European lawmakers have finally agreed on crypto regulating rules.
OneArt posts the highlights of the breakdown by Chainalysis regarding the so-called “Travel Rule.”
📍TFR, or Transfer of Funds Regulation, defines two key points:
- The value above which transfers become subject to the rules
- How the rules are applied to unhosted wallets.
📍Crypto businesses will have to capture data about the sender and recipient identity regardless of the transaction size.
📍The €1,000 threshold for transfers involving a user’s own unhosted wallet. Transactions of more than €1,000 will need verification of the ownership of the wallet.
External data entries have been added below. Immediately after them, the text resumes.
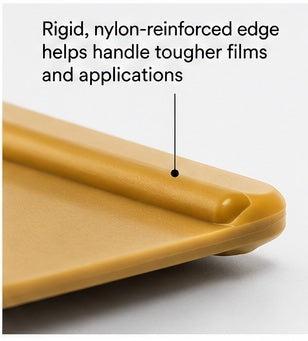 3M PA1-G Gold applicator squeegee reinforced edge close-up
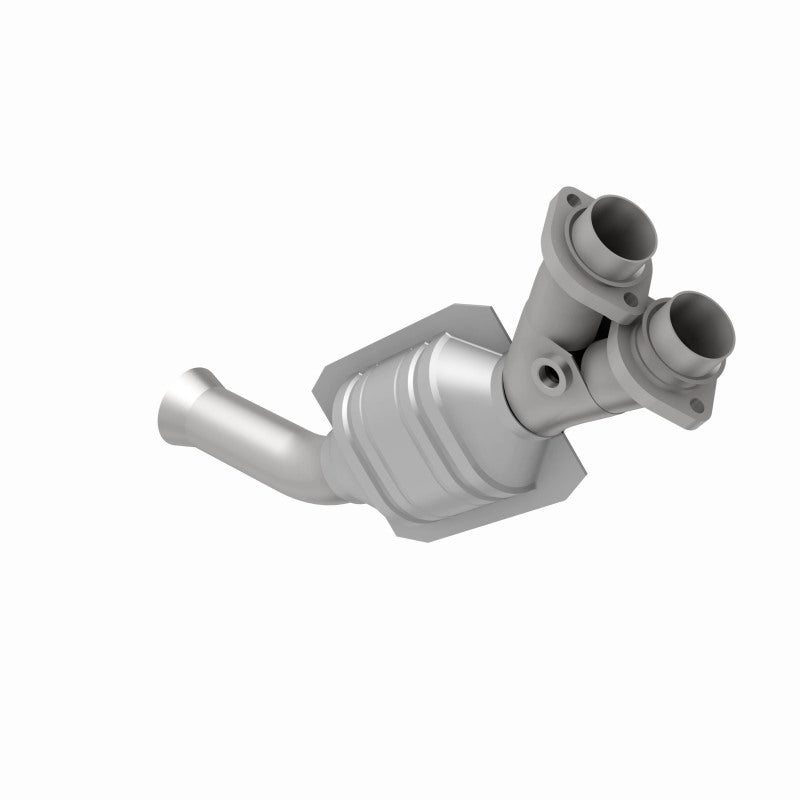 MagnaFlow Jaguar Standard Grade Federal / EPA Compliant Direct-Fit Catalytic Converter 23664 360 Degree Image Set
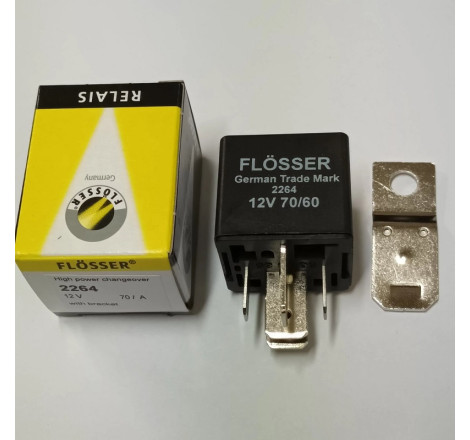ΡΕΛΕ 12V 70/60Α  5PIN. FLOSSER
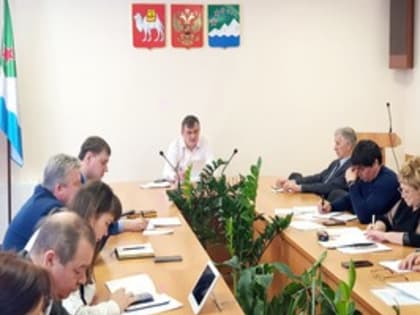 Вадим Сергеев провел совещание с главами поселений Ашинского района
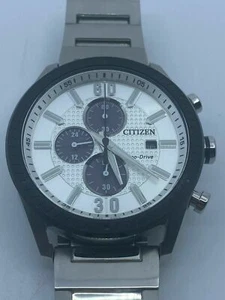 Citizen B612-S111935 Chronograph Date Eco-drive Solar Men's Watch - Picture 1 of 5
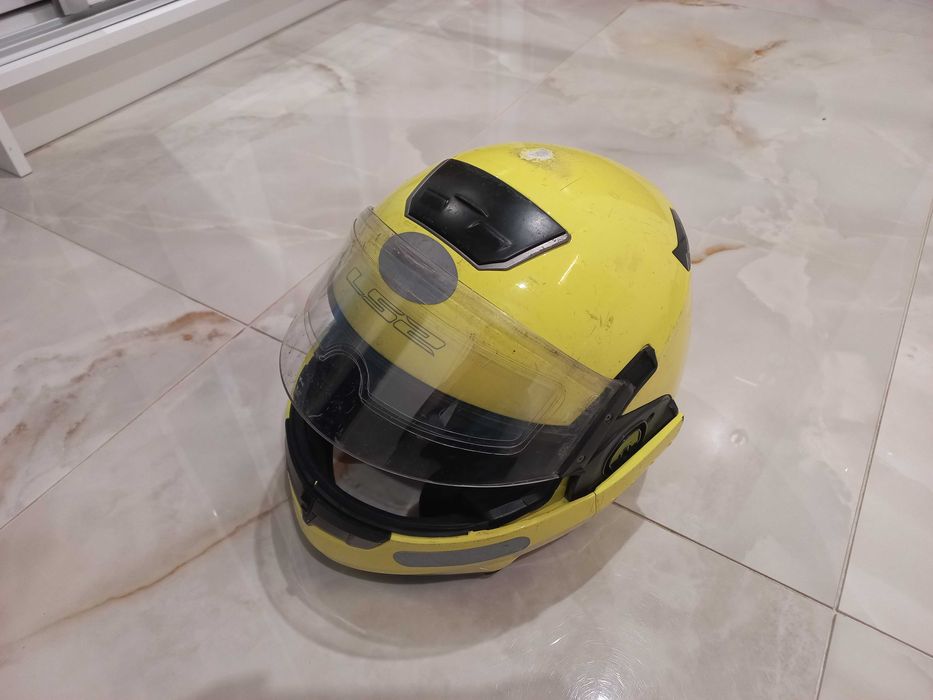 Kask na skuter/motor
📍Businesses will have to collect data about the unhosted wallet if it’s a 3rd-party one. Moreover, before the transfer, they’ll have to assess the AML/CTF risk and apply risk-mitigating measures. More details on the requirements coming later.
❗️So, unless a user is identified as the unhosted wallet owner, the business has to assess the risk prior to transferring the funds.
The EU still has to hammer out details, as the rules will come into effect in the European Union within 1,5 years. It’s the first time the EU brings crypto under a regulatory framework to try to resolve at least some of the legal issues behind cryptocurrencies. These requirements may become a benchmark for lawmakers in other regions.